In one case reported the deletion found in the father was smaller than that of the son (Stuppia et al., 1996), suggesting that some deletions do not necessarily lead to infertility, but that these deletions make the Y chromosome more liable to a second deletion which leads to infertility. In agreement with other data reported previously (Kent-First et al., 1996
; Vogt et al., 1996
; Pryor et al., 1997
; Chang et al., 1999
; Kamischke et al., 1999
; Kleiman et al., 1999
), in the case presented here a probably identical deletion was transmitted over three generations. However, since the region of the Y chromosome in which the deletion is located contains repetitive sequences and the method employed in the present study allows only a rough determination of the boundaries, a minor extension over generations of the deletion not covered by the STS used for AZFb cannot be excluded.

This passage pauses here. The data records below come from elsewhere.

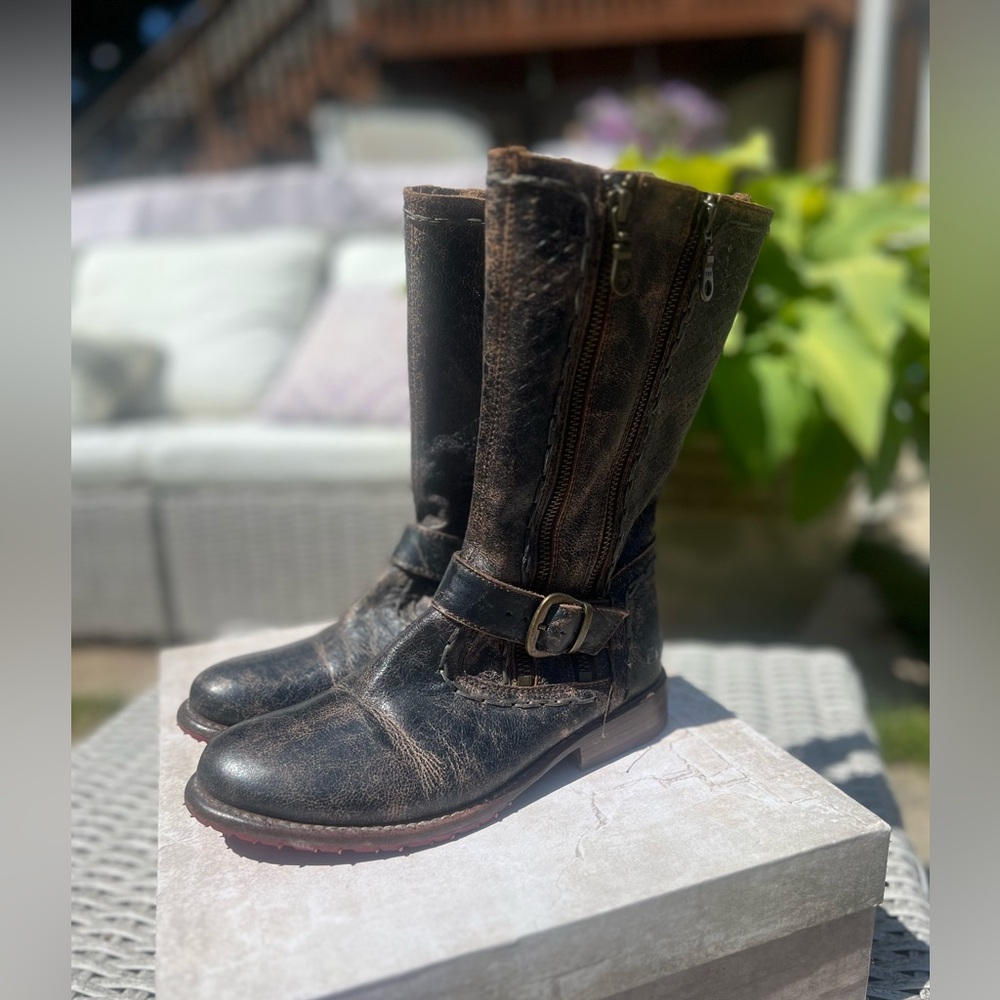 EUC with box Bed Stu Hustle Zip & Buckle Black Lux Boot 7.5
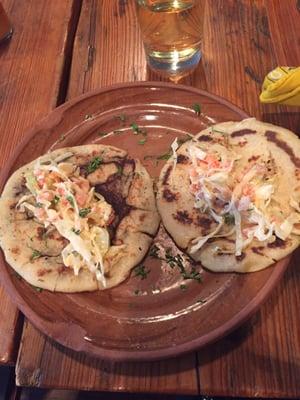 Pupusas!  Reminds me of the fresh-off-the-grill ones we enjoyed in El Salvador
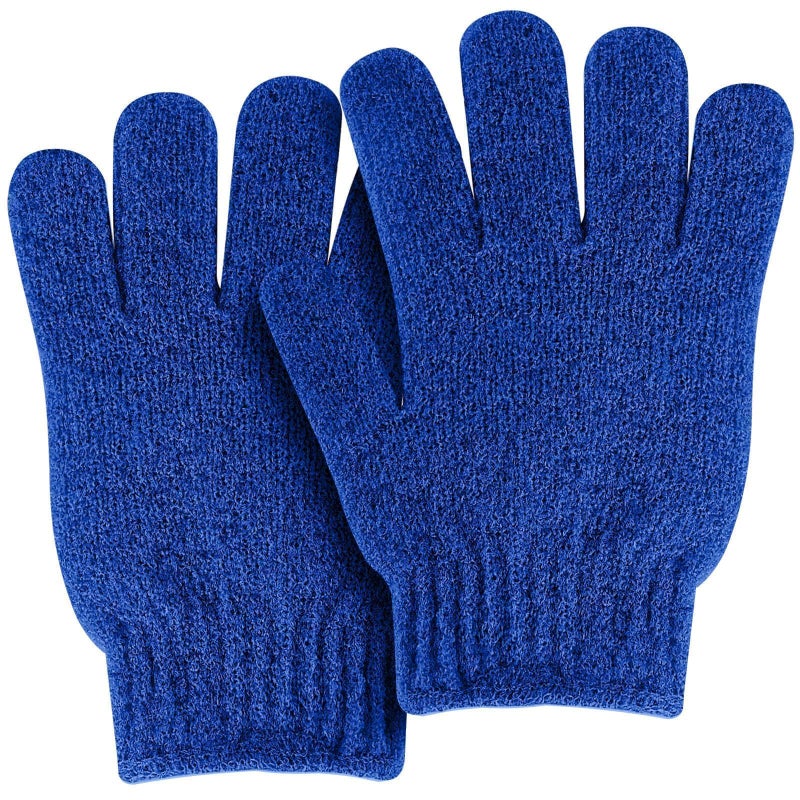 MOLOPPO Bath Glove 2PCS Use Loofah Sponge Exfoliating Body Scrubber Deep Cleansing Removes Dead Skin for Both Women and Men(Midnight Blue) - Image 1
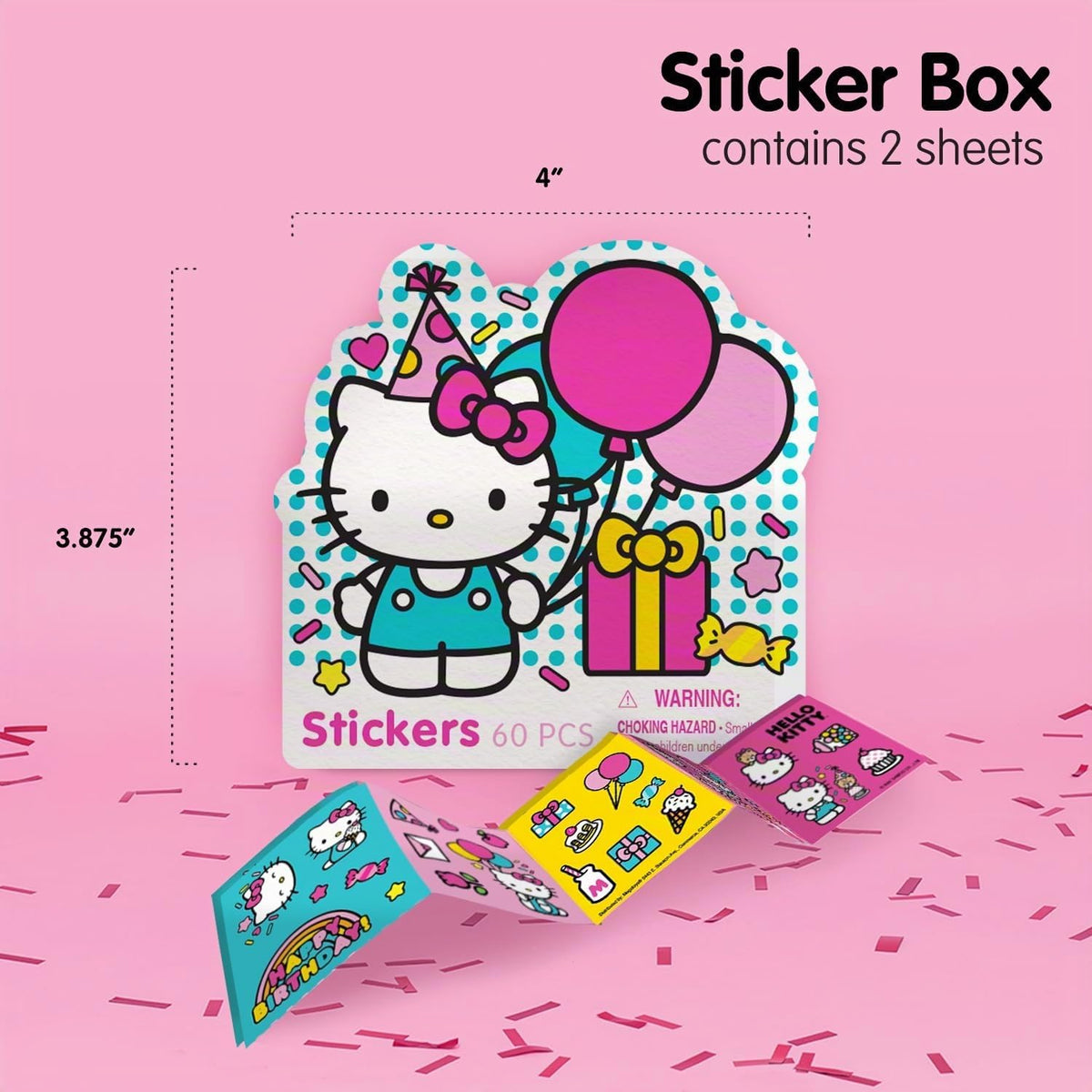 Megatoys Juego de regalo de fiesta de Hello Kitty: caja de lata, es...
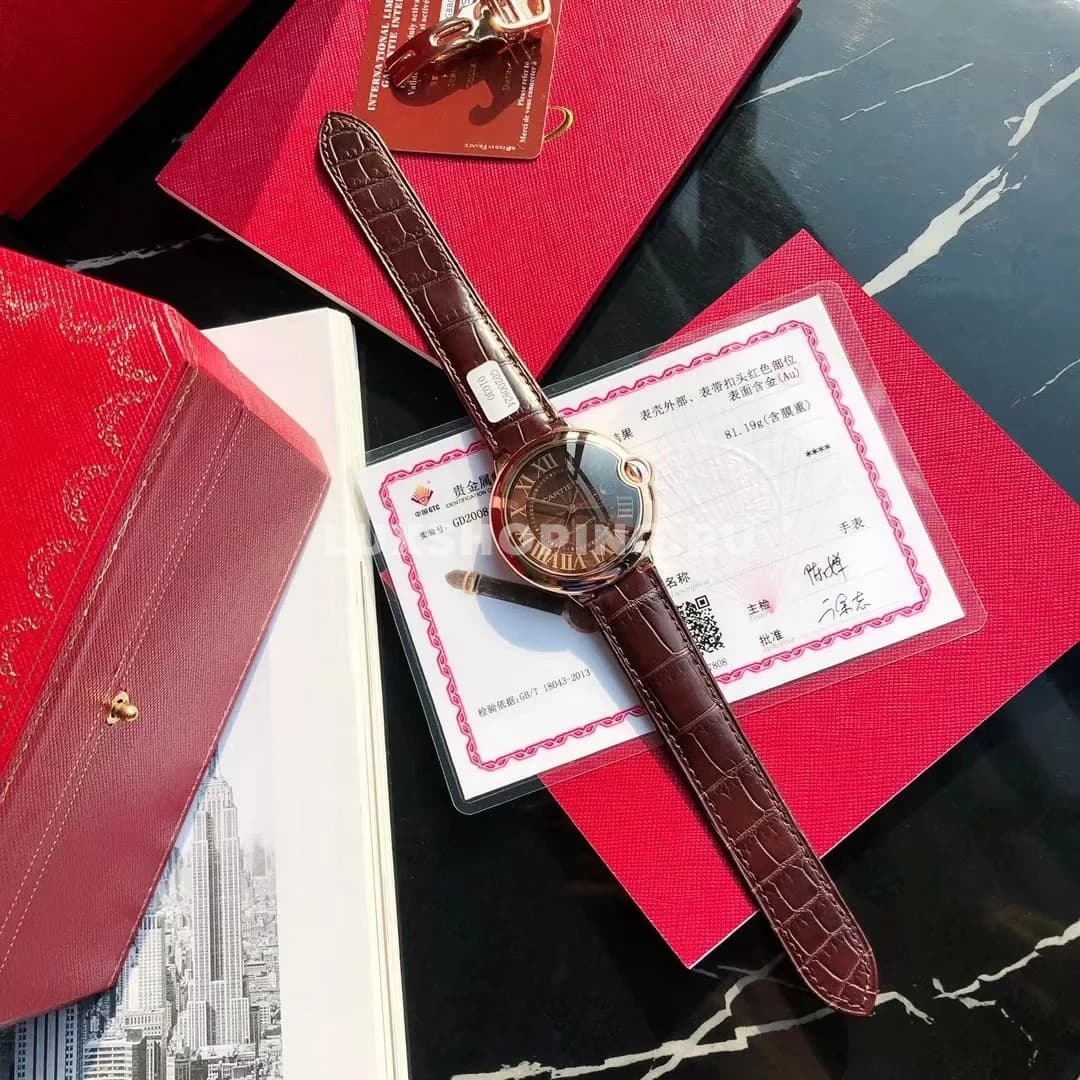 Часы Cartier Ballon Bleu 42mm коричневые покрытые золотом 18 карат - фото 8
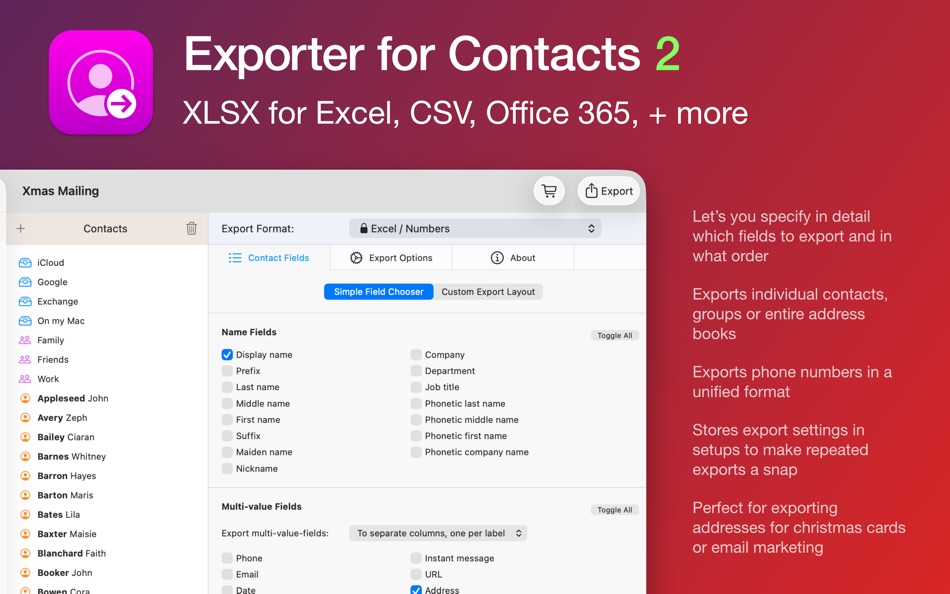 #1. Exporter for Contacts 2 (macOS) 由: Stefan Keller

The finding of AZFb deletions in fertile men is a contradictory issue. Pryor et al. found small microdeletions in the AZFb region (deletion site sY207 and sY272) in four of 200 fertile healthy men (Pryor et al., 1997). In addition, one father of an infertile patient with a mutation in the AZFb region had an identical deletion in this region. Today sY207 and sY272 are considered polymorphic markers. Our patient, his father and his son presented a partial microdeletion in the distal part of the AZFb region showing that the loss of this genomic region is compatible with natural fertility. In contrast, Brandell et al. found that the presence of an AZFb deletion is a severely adverse prognostic factor for ICSI based on sperm obtained by TESE (Brandell et al., 1998
) and the analysis of the literature has confirmed that complete AZFb deletions are associated with the absence of mature sperm in the testis (Krausz et al., 2000
; Kleiman et al., 2001
). In our case the partial deletion in the AZFb region was spontaneously transmitted over three generations, indicating that the deletion is compatible with at least some degree of fertility and natural paternity. However, we cannot exclude the possibility that the moderate decrease in sperm count over the years was genetically determined. The medical history reported varicocele treatment and an infection of the accessory glands. In April 1999, after antibiotic treatment, an improvement of semen parameters could be observed, indicating that the reduced semen parameters in this patient could be due to partial obstruction of the efferent ducts. Semen parameters were practically unchanged in February 2002, raising the possibility that the moderate oligoasthenoteratozoospermia in the propositum is not related to his partial AZFb deletion. It is therefore likely that sY130 and sY143 are polymorphic markers with no effect on sperm production. However, without a semen analysis of the father of the propositum, the pathogenetic role of the deletion cannot be evaluated more precisely.
This case suggests that sons of men with deletions in the AZF region should be tested for AZF deletions, even when pregnancy has been achieved spontaneously. Moreover, they should undergo andrological examination in puberty and, possibly, cryopreservation of semen in early adulthood, since we cannot exclude an age-dependent, gradual worsening of spermatogenesis due to the deletion.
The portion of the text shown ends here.